- _Try it_
Restate the listing below line for line and word for word, without the pictures.

- _Material provided_
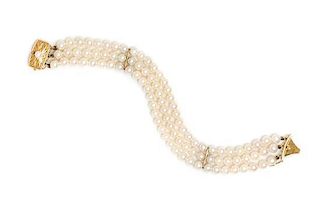 An 18 Karat Yellow Gold and Cultured Pearl Multistrand Bracelet, Mikimoto, 14.50 dwts.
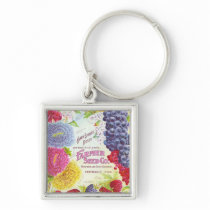 Vintage Flowers & Fruit Keychain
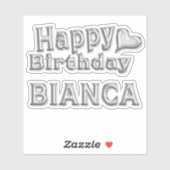 Bianca Happy Birthday silver Aufkleber Sticker シール (シート)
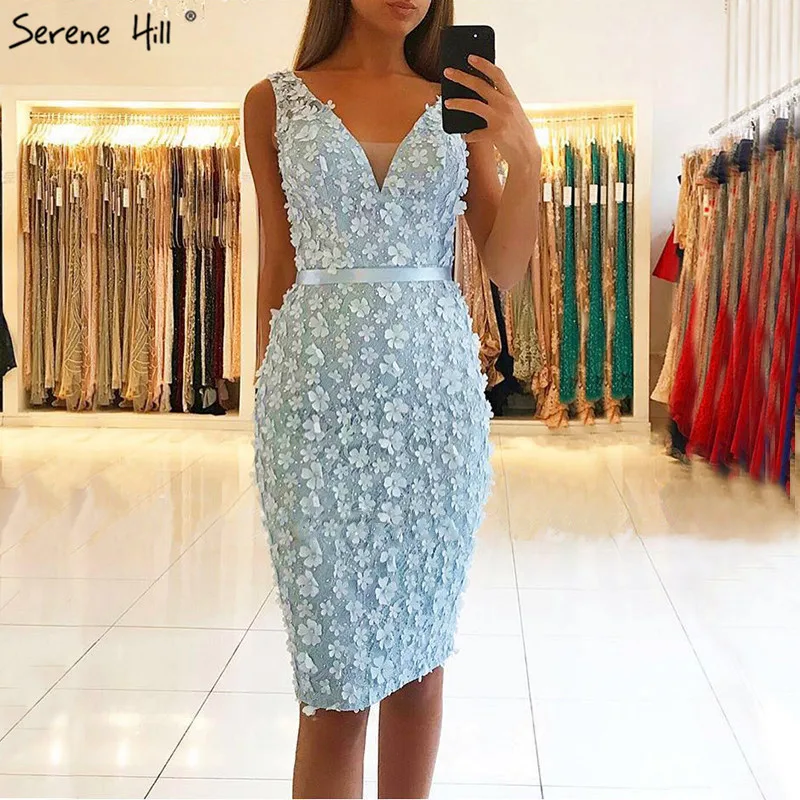 Blue V-Neck Sleeveless Sexy Cocktail Dress Handmade Flowers Pearls Fashion Elegant Evening Gowns Serene Hill LA6664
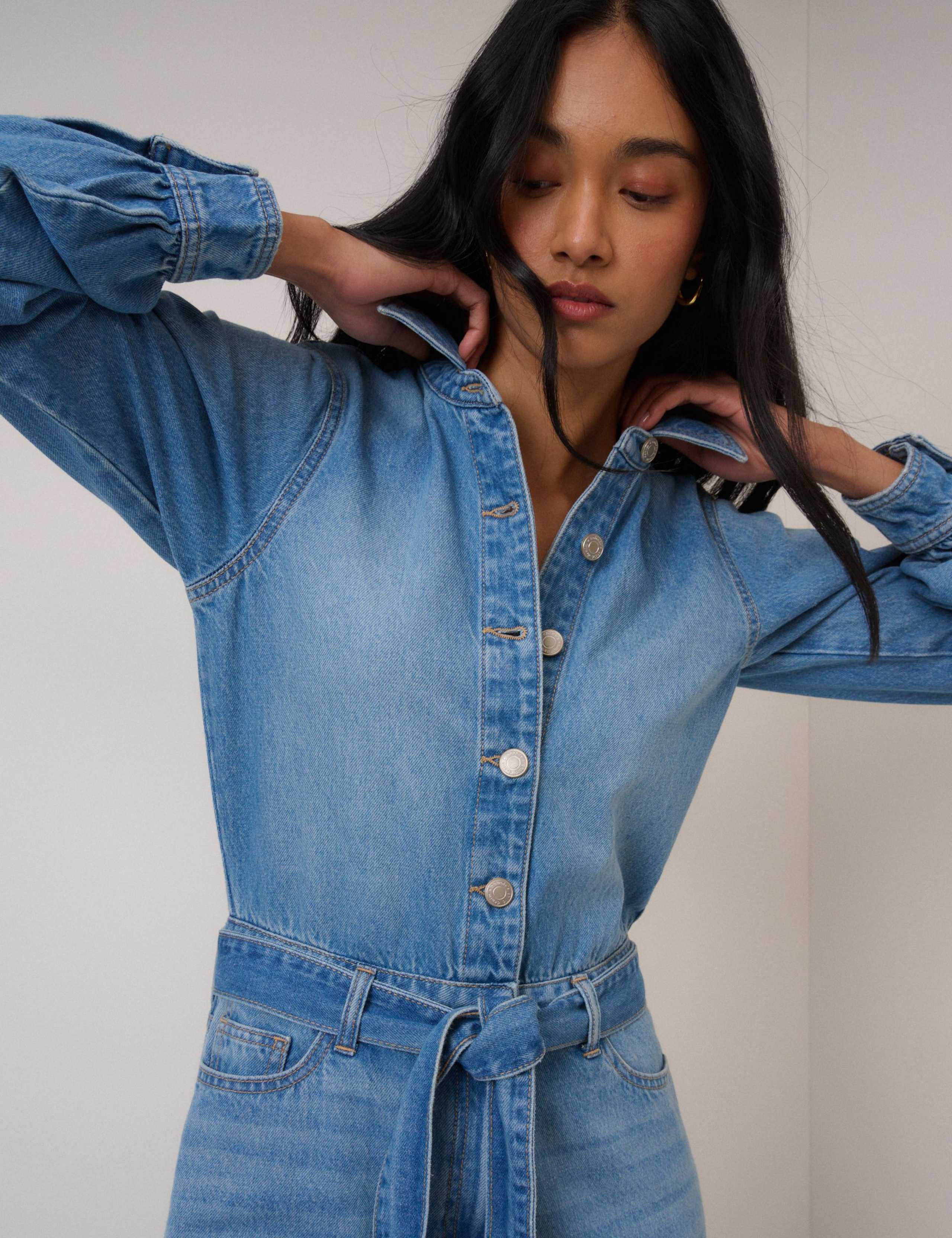 Denim Button Front Long Sleeve Jumpsuit 5 of 5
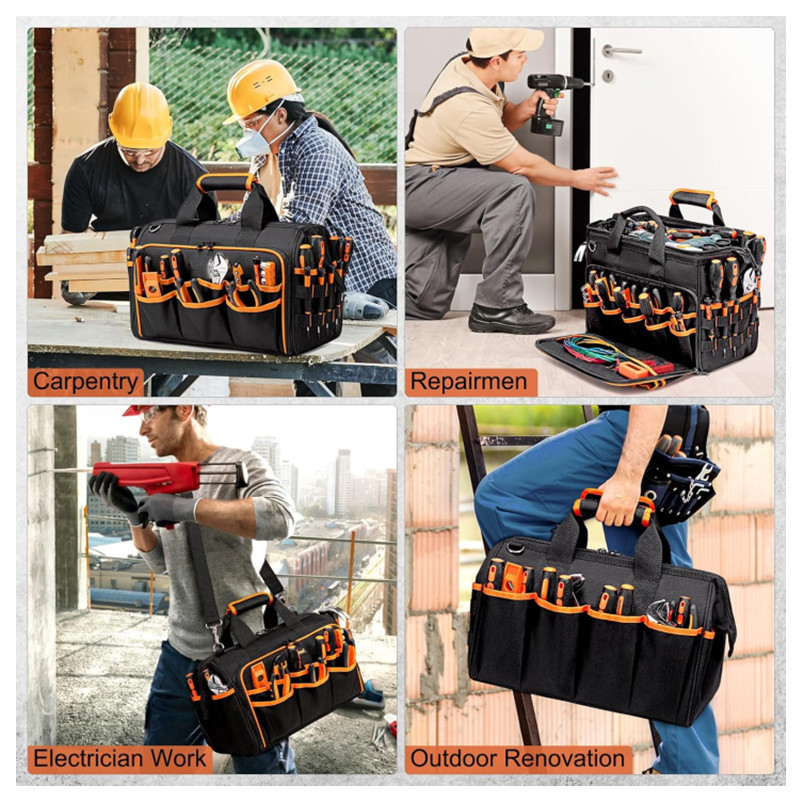 Tool Bag Oxford Waterproof Large Pocket Hardware Tools Carry Organizer ...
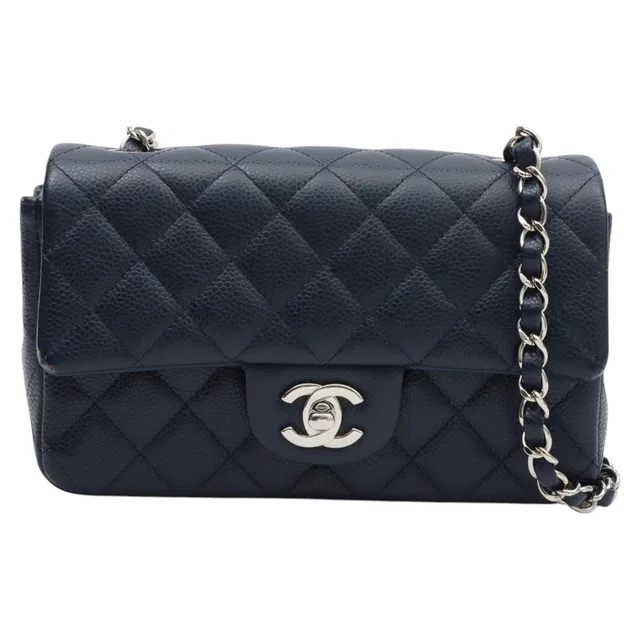 Chanel Circa 2014 Caviar Skin CC Turn-Lock Chain Shoulder Bag Mini Navy in Navy Caviar leather from VINTAGE QOO TOKYO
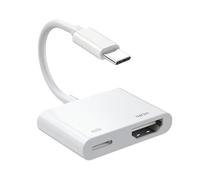 Adaptateur USB C vers HDMI pour iPhone One 15 vers TV, 2 en 1 de type C vers HDMI avec charge rapide de 100 W, adaptateur USB C HDMI 4K @ 30 Hz, (compatible Thunderbolt 3) Hub USB C pour iPhone One 15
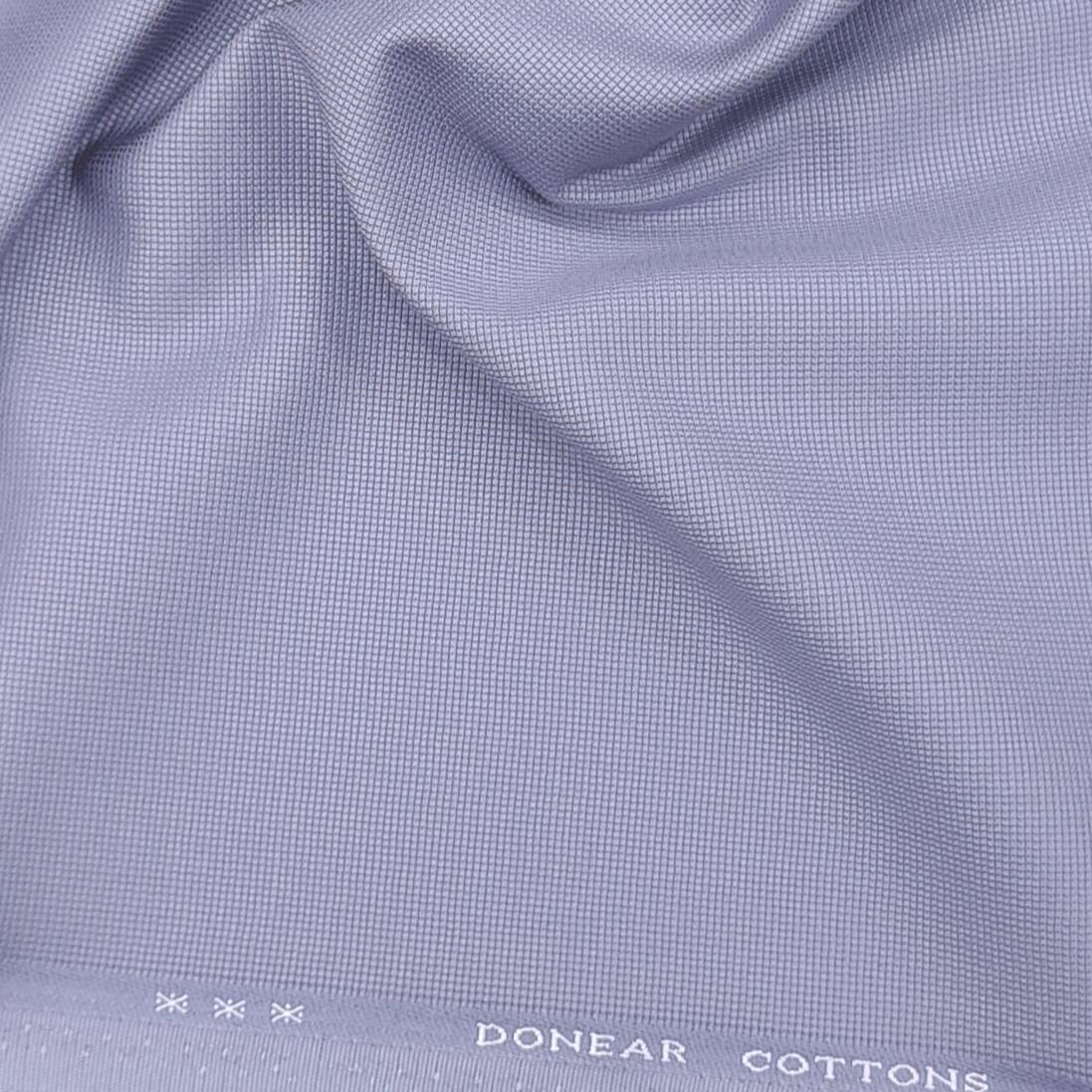 Donear Men's Pure Cotton Self Textured Trouser Fabric Color Pale Lavender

- _Result of this exercise_
 An 18 Karat Yellow Gold and Cultured Pearl Multistrand Bracelet, Mikimoto, 14.50 dwts.
 Vintage Flowers & Fruit Keychain
 Bianca Happy Birthday silver Aufkleber Sticker シール (シート)
 Blue V-Neck Sleeveless Sexy Cocktail Dress Handmade Flowers Pearls Fashion Elegant Evening Gowns Serene Hill LA6664
 Denim Button Front Long Sleeve Jumpsuit 5 of 5
 Tool Bag Oxford Waterproof Large Pocket Hardware Tools Carry Organizer ...
 Chanel Circa 2014 Caviar Skin CC Turn-Lock Chain Shoulder Bag Mini Navy in Navy Caviar leather from VINTAGE QOO TOKYO
 Adaptateur USB C vers HDMI pour iPhone One 15 vers TV, 2 en 1 de type C vers HDMI avec charge rapide de 100 W, adaptateur USB C HDMI 4K @ 30 Hz, (compatible Thunderbolt 3) Hub USB C pour iPhone One 15
 Donear Men's Pure Cotton Self Textured Trouser Fabric Color Pale Lavender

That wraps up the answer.